* **What to produce**:
The answer must consist solely of the lines from the line with "Boots Good Gut" to the final line of the data below, reproduced exactly, pictures omitted.
• • • • • • •
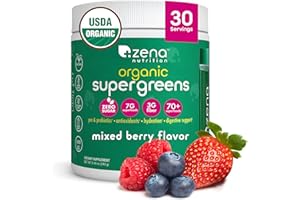 Zena Nutrition Organic Super Greens Powder, 70+ Superfoods, 0 Sugar, 3G Fiber, Spirulina, Chlorella, Antioxidants, Prebiotics/Probiotics, Digestive Enzymes, Mixed Berry, 30 Servings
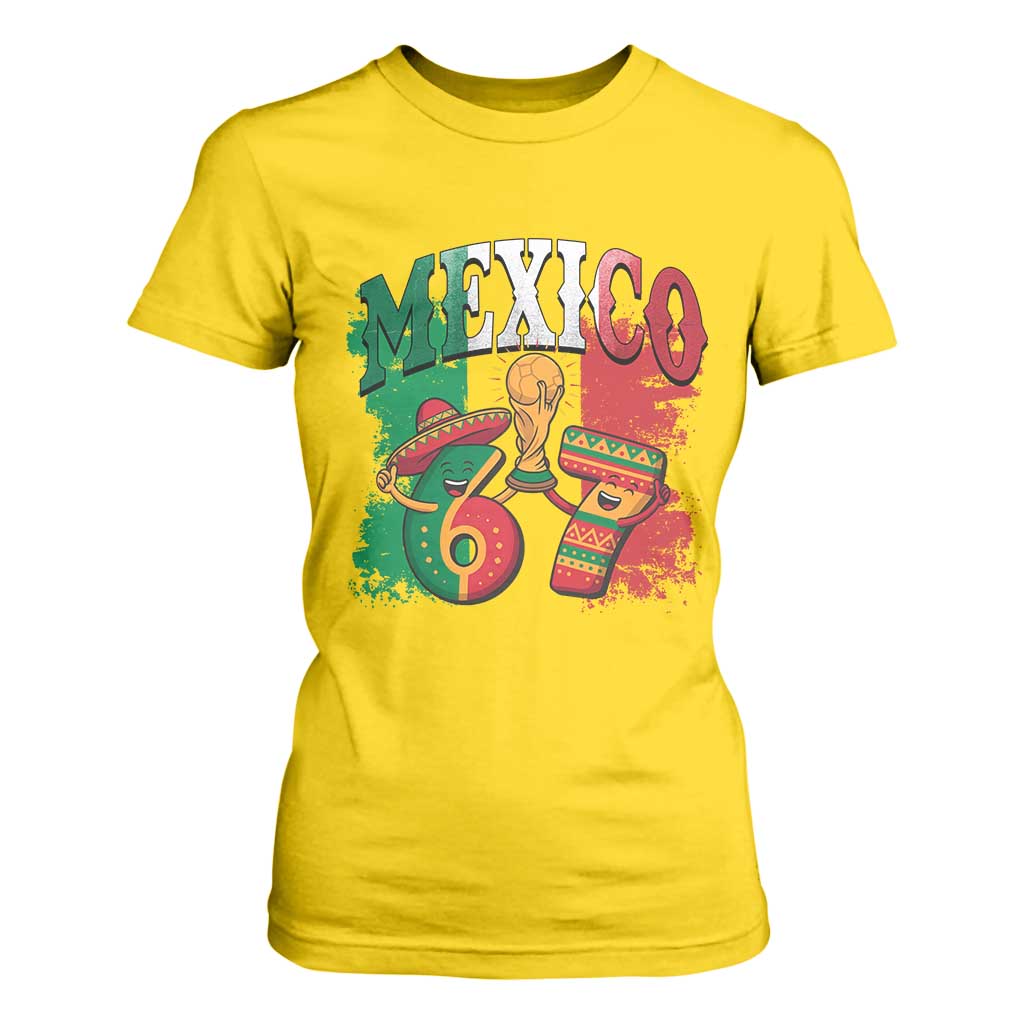 Mexico Soccer Fan T Shirt For Women Funny 67 Viral Gen Alpha Slang Gift TS12 Daisy Print Your Wear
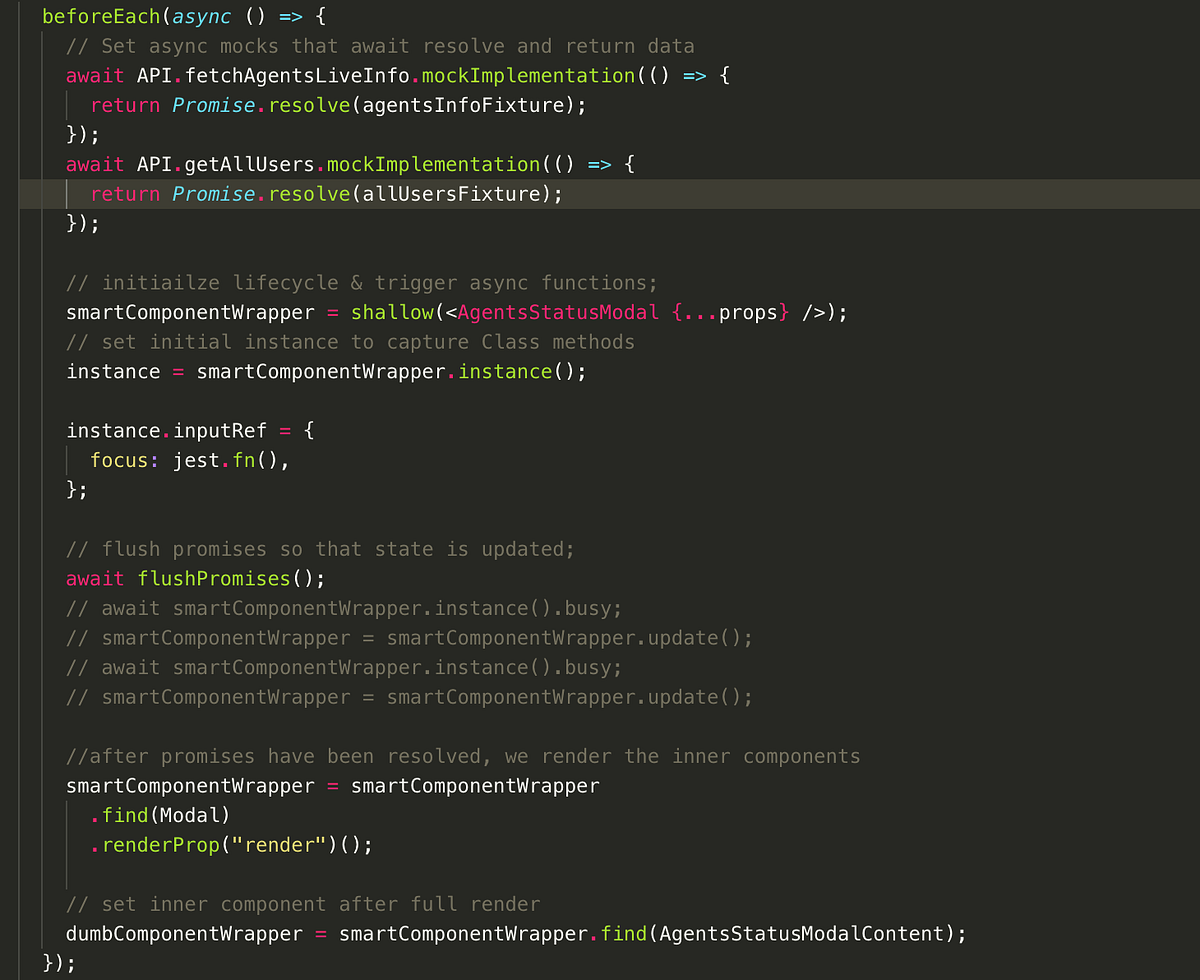 JestEnzymeReact testing with Async ComponentDidMount() by Phil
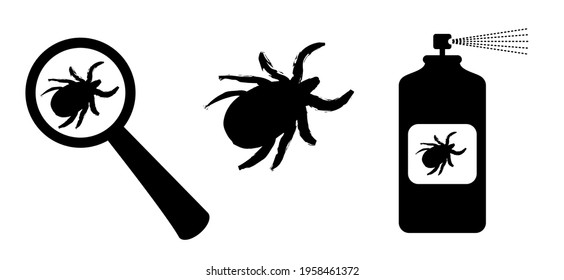 Magnifying Glass, Clues And Spray Icon. Lyme Disease Prevention Of Ticks Warning. Tick Attention. Stop Sign. Bite And Infection Insect Virus For Preventie. Insect, Borrelia Bites.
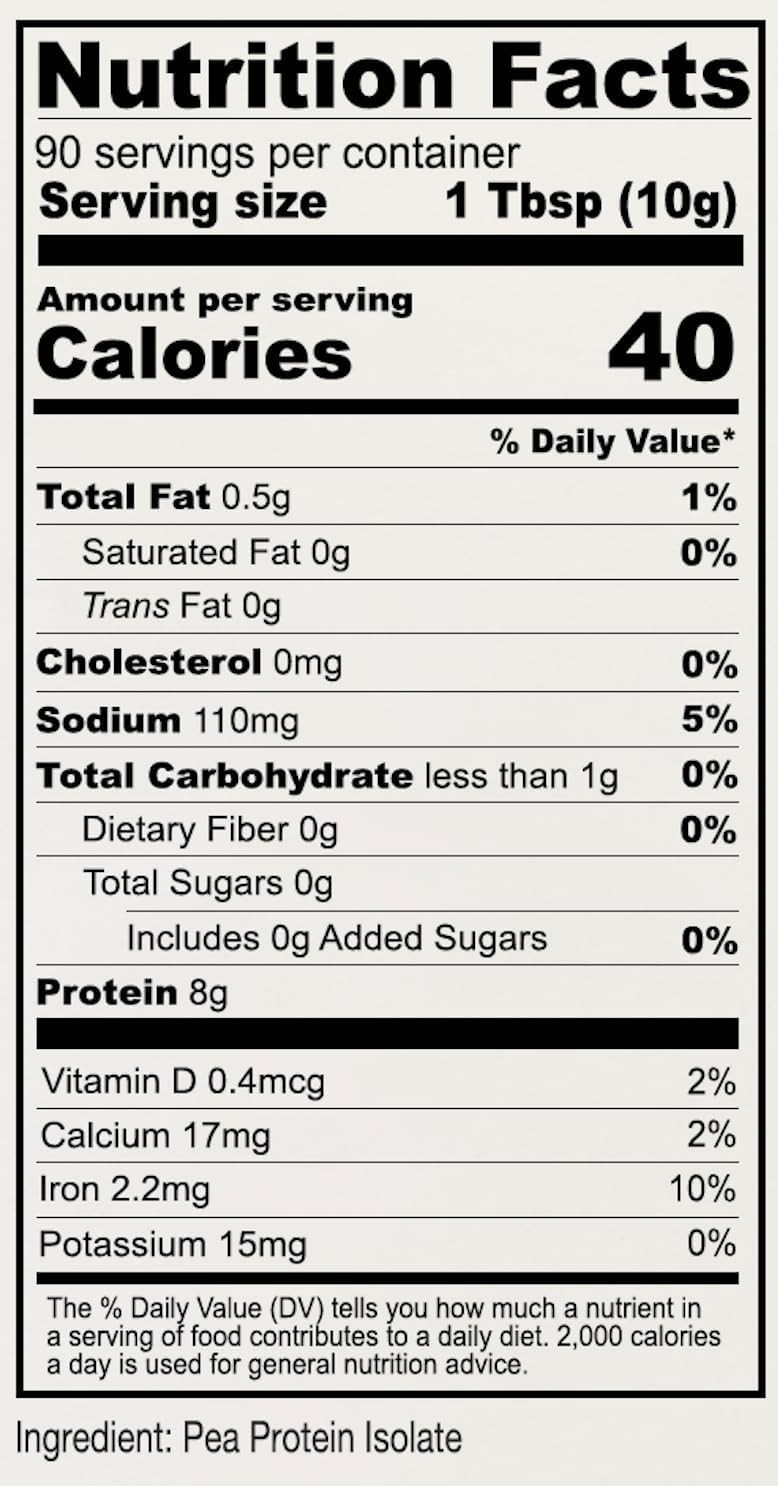 Keto-Friendly Pea Protein Powder - Plant-Based
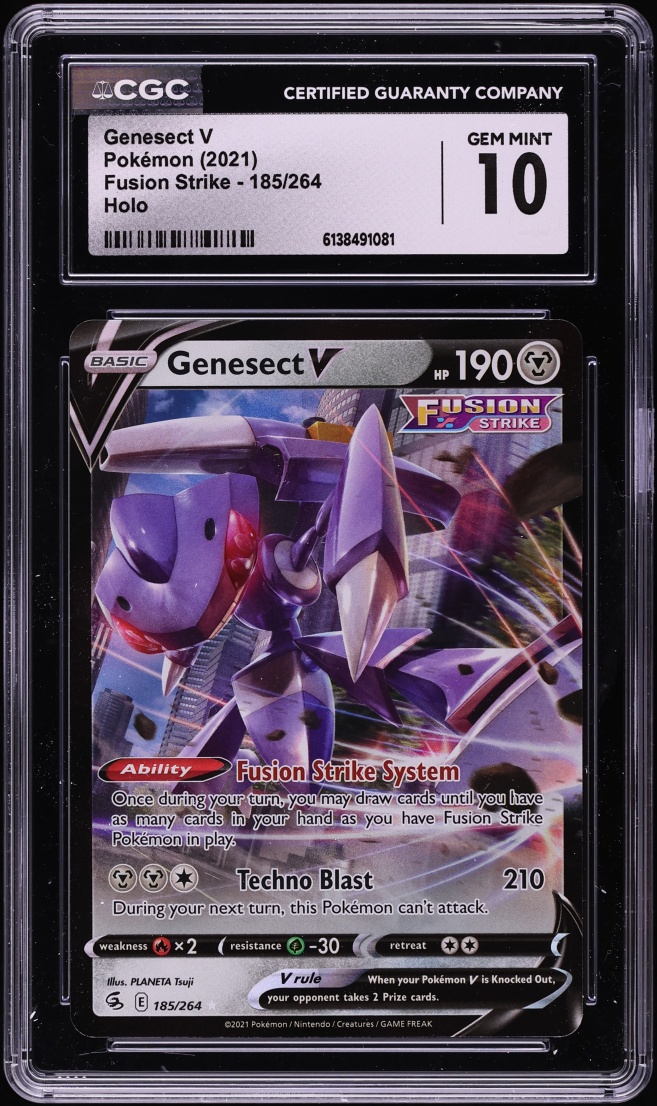 2021 Pokemon Sword & Shield Fusion Strike Alt Art Genesect V #185 CGC 10 GEM MINT
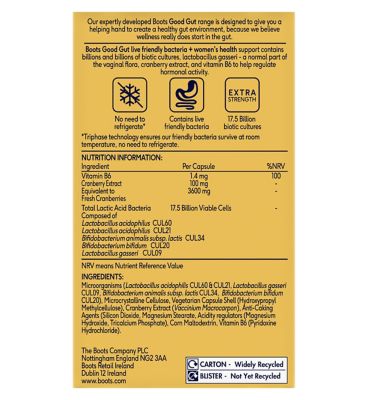 Boots Good Gut Live Friendly Bacteria + Women's Health Support 30 Capsules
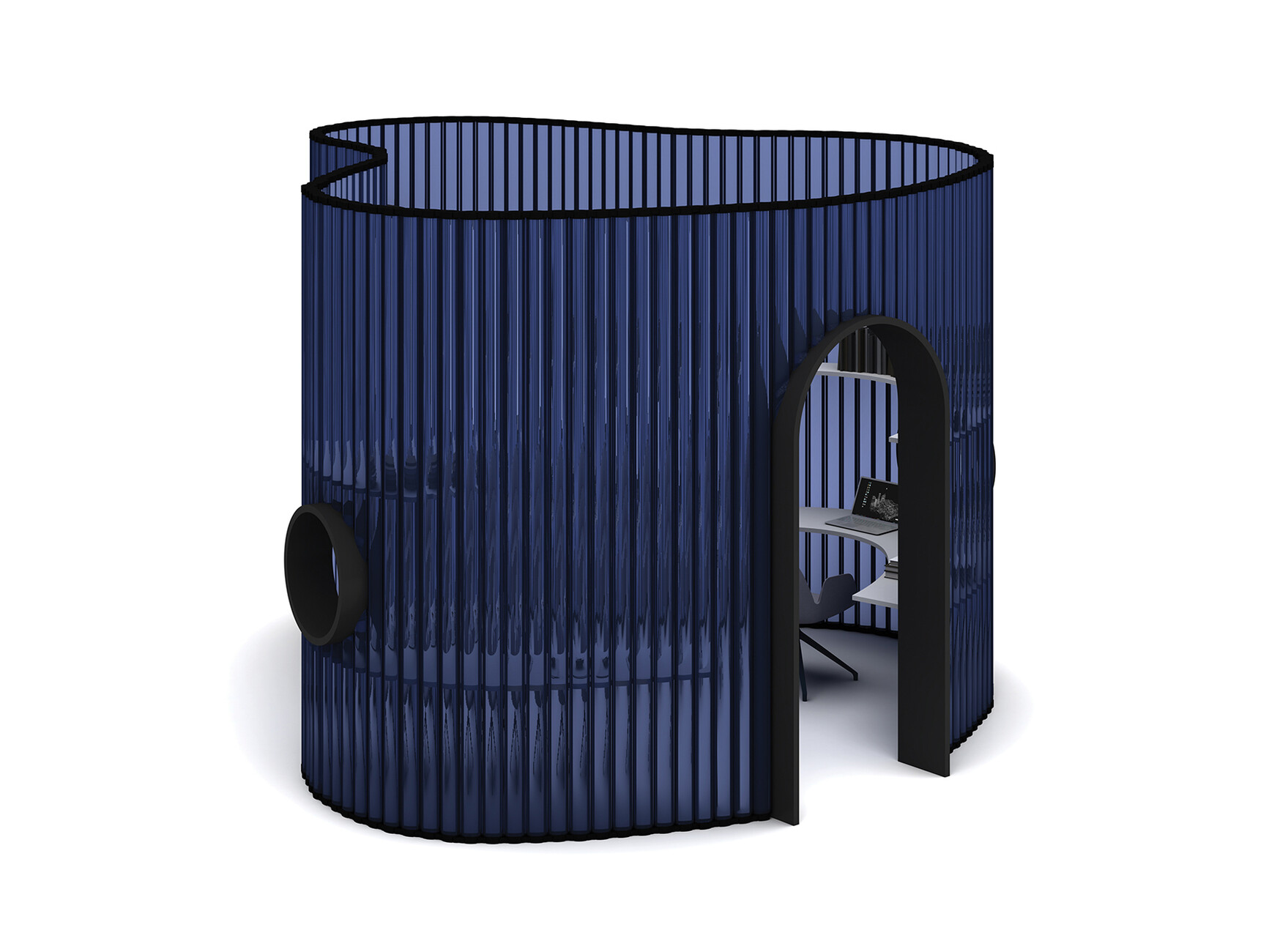 A space within a space: “Anatole Flex Wall” by Jean-Michel Wilmotte for Koleksiyon is a flexible and translucent wall system that can be used to create work cells in any desired form.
• • • • • • •
* **Task result**:
 Boots Good Gut Live Friendly Bacteria + Women's Health Support 30 Capsules
 A space within a space: “Anatole Flex Wall” by Jean-Michel Wilmotte for Koleksiyon is a flexible and translucent wall system that can be used to create work cells in any desired form.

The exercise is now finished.